# 5 HP Briggs Kick-back



## walt_54 (Jul 9, 2011)

My 5 HP briggs tiller engine often kicks back violently when pulling the recoil starter. It has even injured my wrist. The engine seems to run well once it's started tho.

Is there anything that can be done about this?


----------



## Basementgeek (Feb 7, 2005)

Hi and welcome to TSF

My first thing to check is the flywheel key, it could be bent or sheared.

BG


----------



## Adamd85 (Dec 1, 2011)

Could also be valves out of adjustment aswell


----------



## Basementgeek (Feb 7, 2005)

Lets hope they have it fixed by now since it was some 5 months ago :>)

BG


----------



## Adamd85 (Dec 1, 2011)

Never know


----------



## Basementgeek (Feb 7, 2005)

Very true 

BG


----------



## jrrdw (Jun 26, 2010)

Sounds like your not pulling hard enough through the 2nd rotation of the compression cycle/stroke and the mixture explodes before the piston gets close enough to top dead center to complete the cycle/stroke. 

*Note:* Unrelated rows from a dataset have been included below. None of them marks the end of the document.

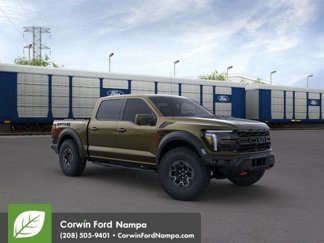 New 2025 Ford F150 Raptor image 1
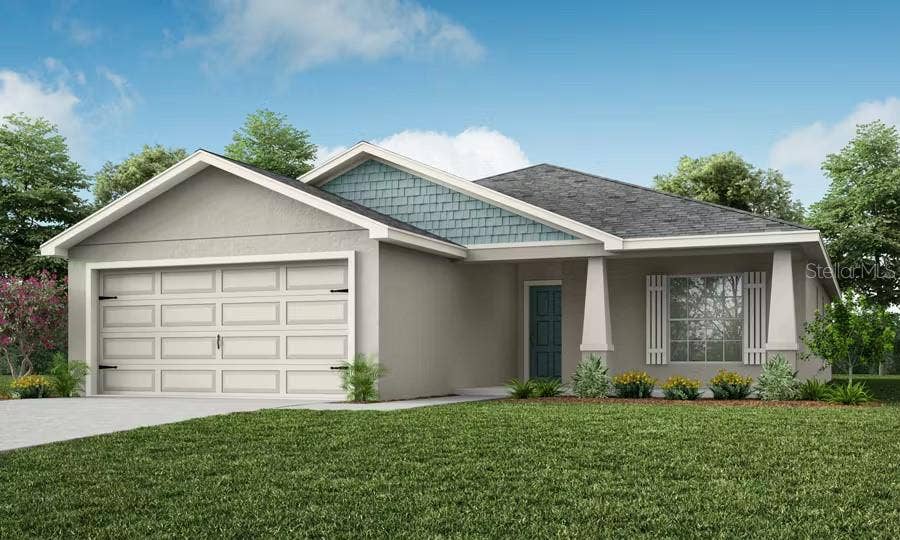Property photo for 1316 MOTTLED DUCK LANE, Lakeland, FL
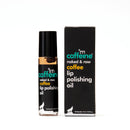 Coffee Lip Polishing Oil | Pigmented & Dry Lips | 10 ml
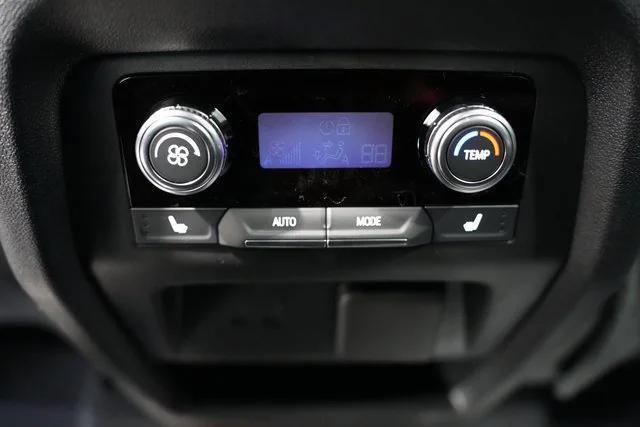 new 2026 GMC Acadia car, priced at $57,735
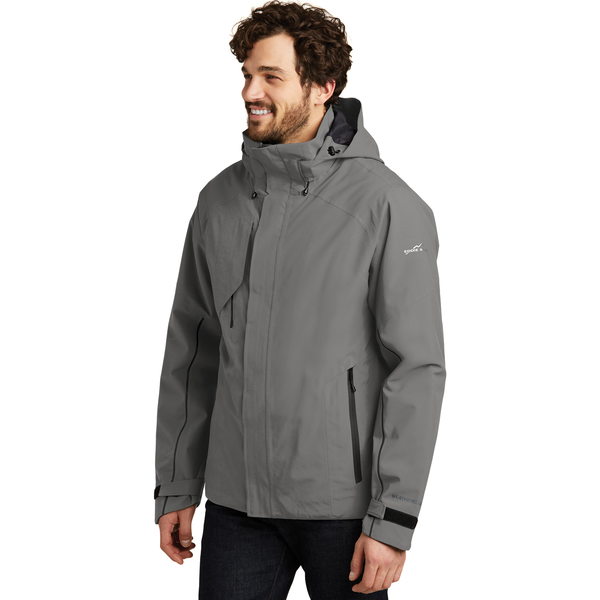 Eddie Bauer® WeatherEdge® Plus Insulated Men's Jacket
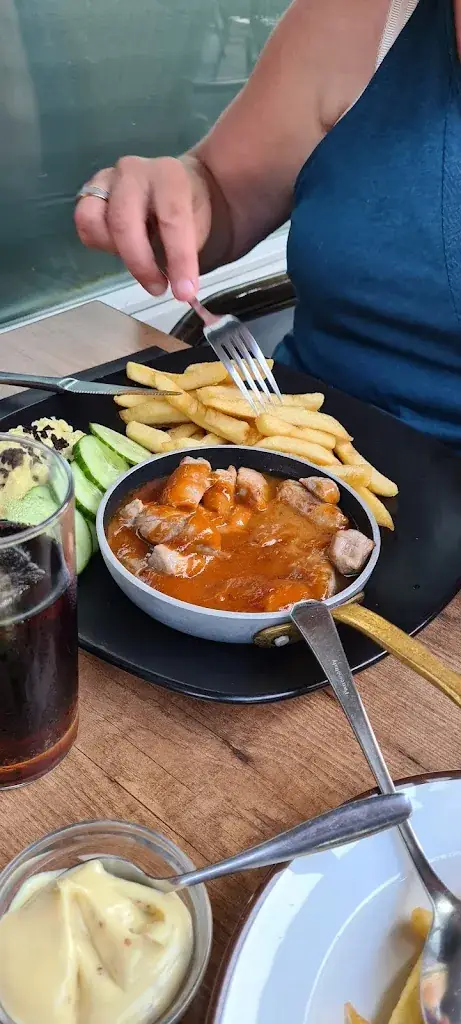 Erik van Wijnen_Eetcafé Santas_IJssel_review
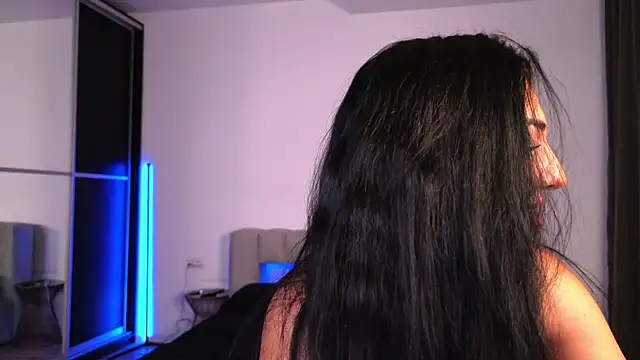 evanew_ webcam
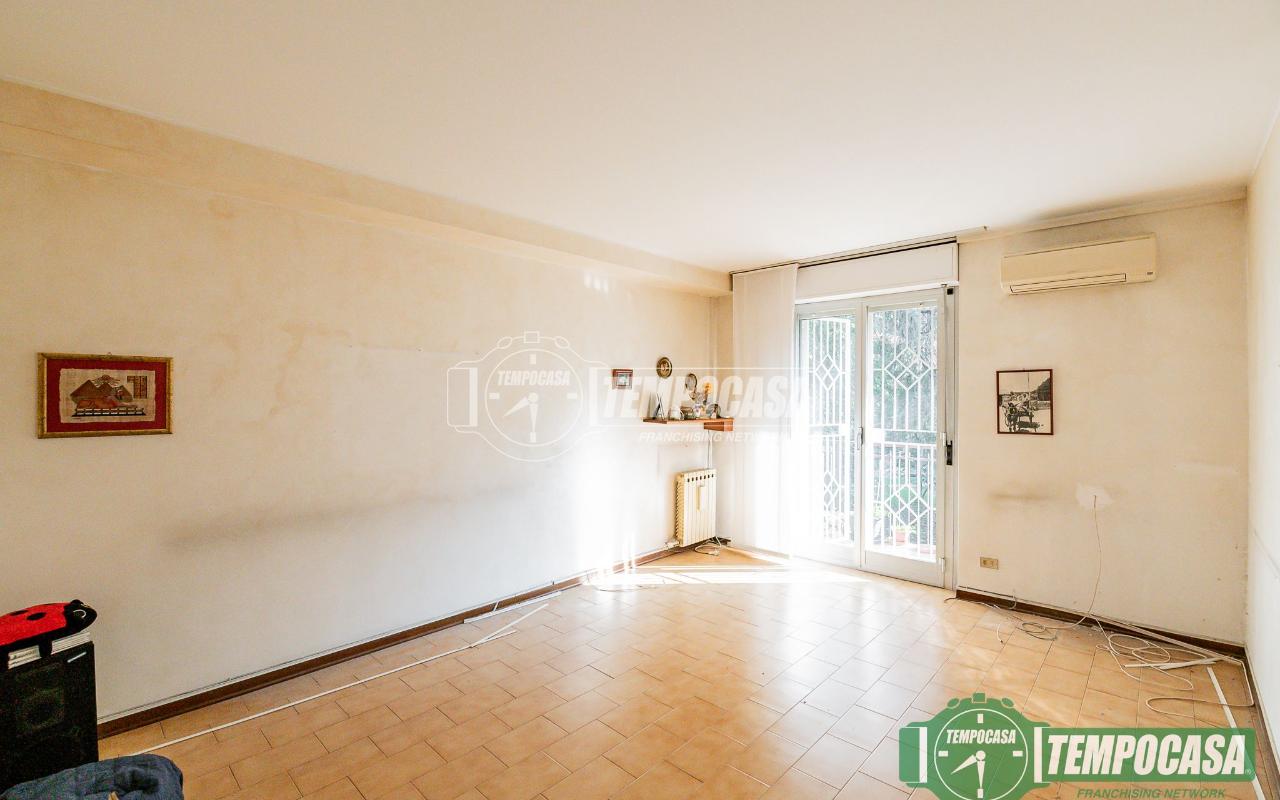 appartamento in vendita a San Donato Milanese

If the flywheel key is good the only thing you can do is learn to pull steady and hard enough to complete 2 full revolutions, 8 strokes. A Lot of these 5HP IC engines do this. 

The problem is in the ignition timing. The Magnetron Electronic Ignition Systems module placement is in a advanced position and no corrections were made in the flywheel to make up for it.

Even though I'm 6 months early for gardening...


----------